*ACTIVITY:*
Among the entries below, retype exactly the lines starting with the one with "Balenciaga ‘Town’ Red" and going on through the one with "13x4 13x6 Body", but not the pictures.

** PROVIDED DATA follows **

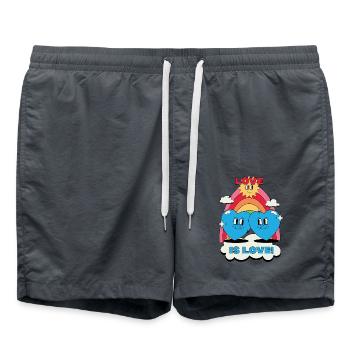love is love_blue - Swim Trunks - anthracite - Front - AI Model Male 185 light (185cm)
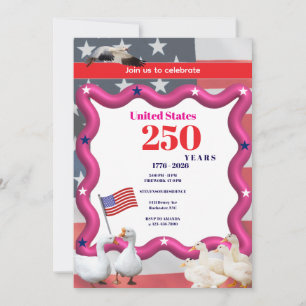 We The Silly Geese 250th Funny Celebration Invitation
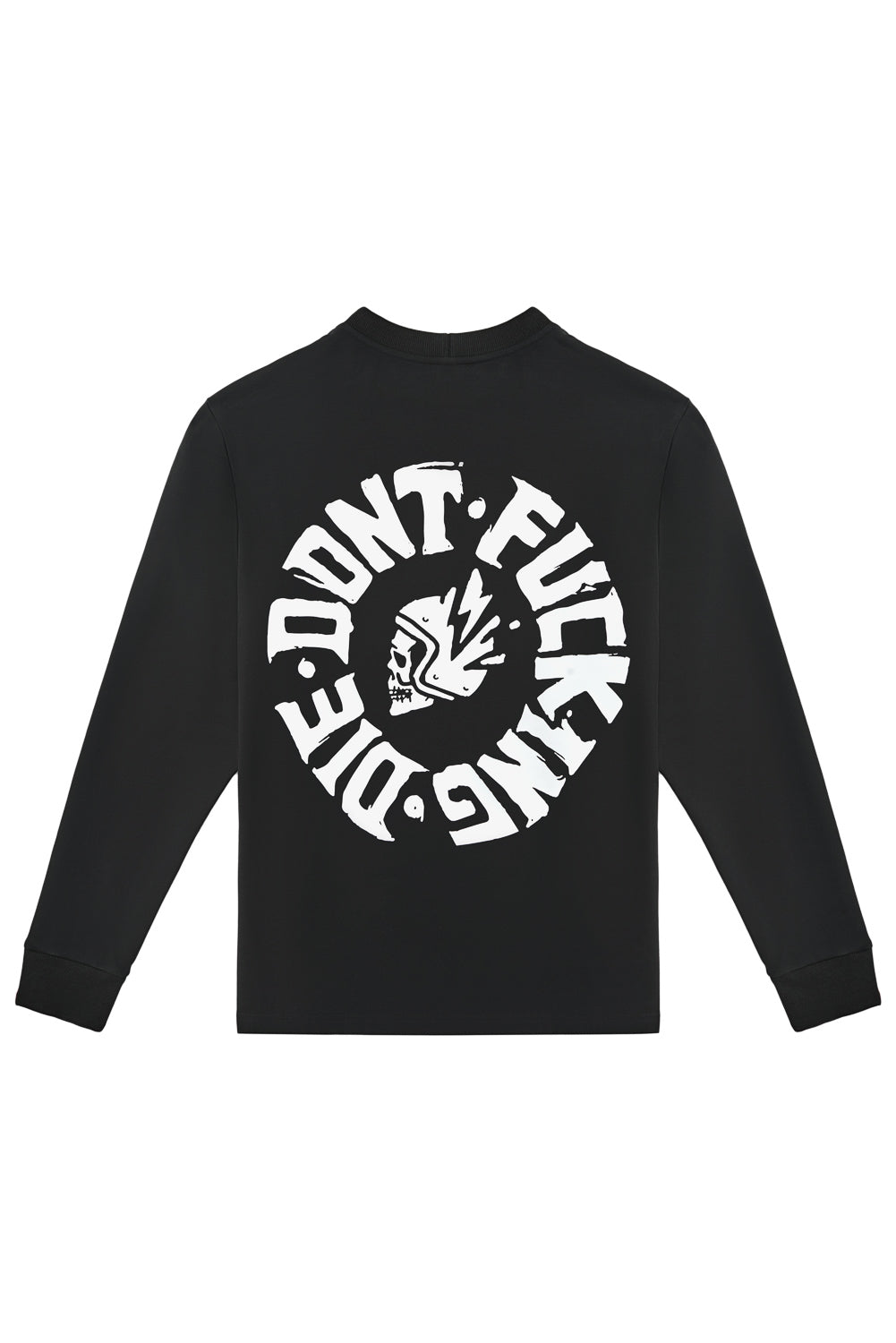 MARŠKINĖLIAI PANDO MOTO TOMMY DON’T DIE BLACK – OVERSIZE, ILGOMIS RANKOVĖMIS, UNISEX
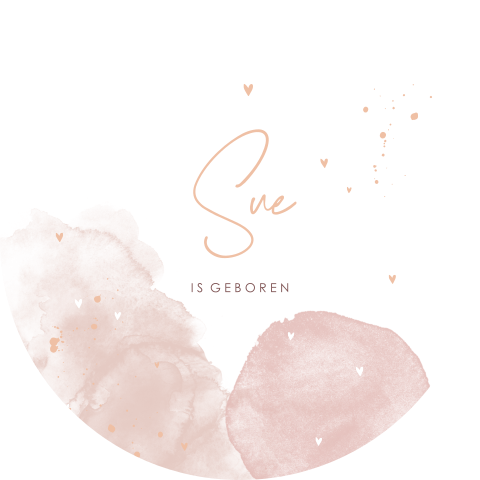 Tuinbord rond met roze watercolour en spetters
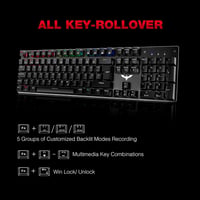 Havit mechanikus gamer billentyűzet, QWERTZ, piros kapcsolók, LED világítás 5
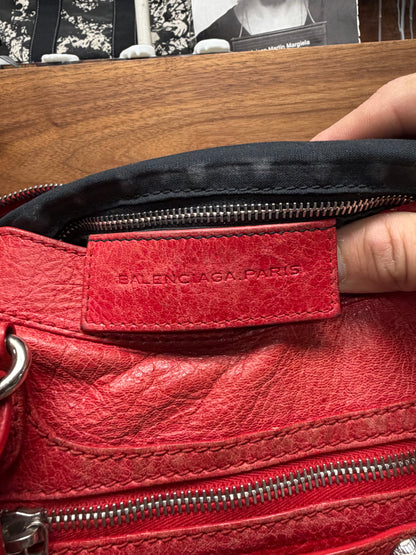 Balenciaga ‘Town’ Red Leather Bag with Silver Toned Hardware and Crossbody Strap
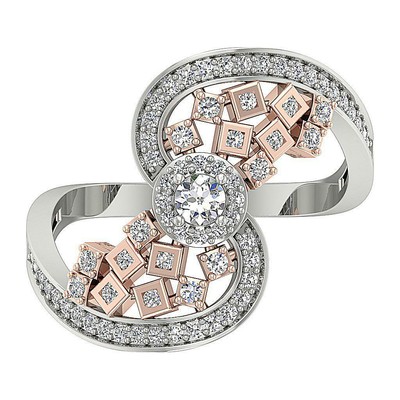 Round Diamond Designer Solitaire Halo Engagement Ring SI1 G 0.65Ct Two-Tone Gold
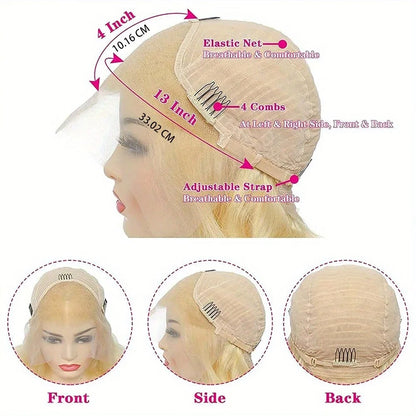 13x4 13x6 Body Wave Blonde Lace Front Wig 613 Human Hair Pre Plucked 250% Density HD Transparent Lace Frontal Wig 100% Human Wig
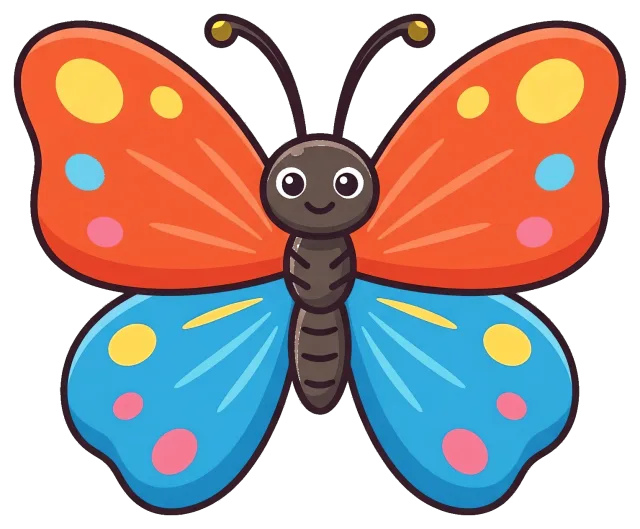 Colorful cartoon butterfly with orange and blue wings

** End of PROVIDED DATA **

*RESULT OF THE EXERCISE:*
 Balenciaga ‘Town’ Red Leather Bag with Silver Toned Hardware and Crossbody Strap
 Round Diamond Designer Solitaire Halo Engagement Ring SI1 G 0.65Ct Two-Tone Gold
 13x4 13x6 Body Wave Blonde Lace Front Wig 613 Human Hair Pre Plucked 250% Density HD Transparent Lace Frontal Wig 100% Human Wig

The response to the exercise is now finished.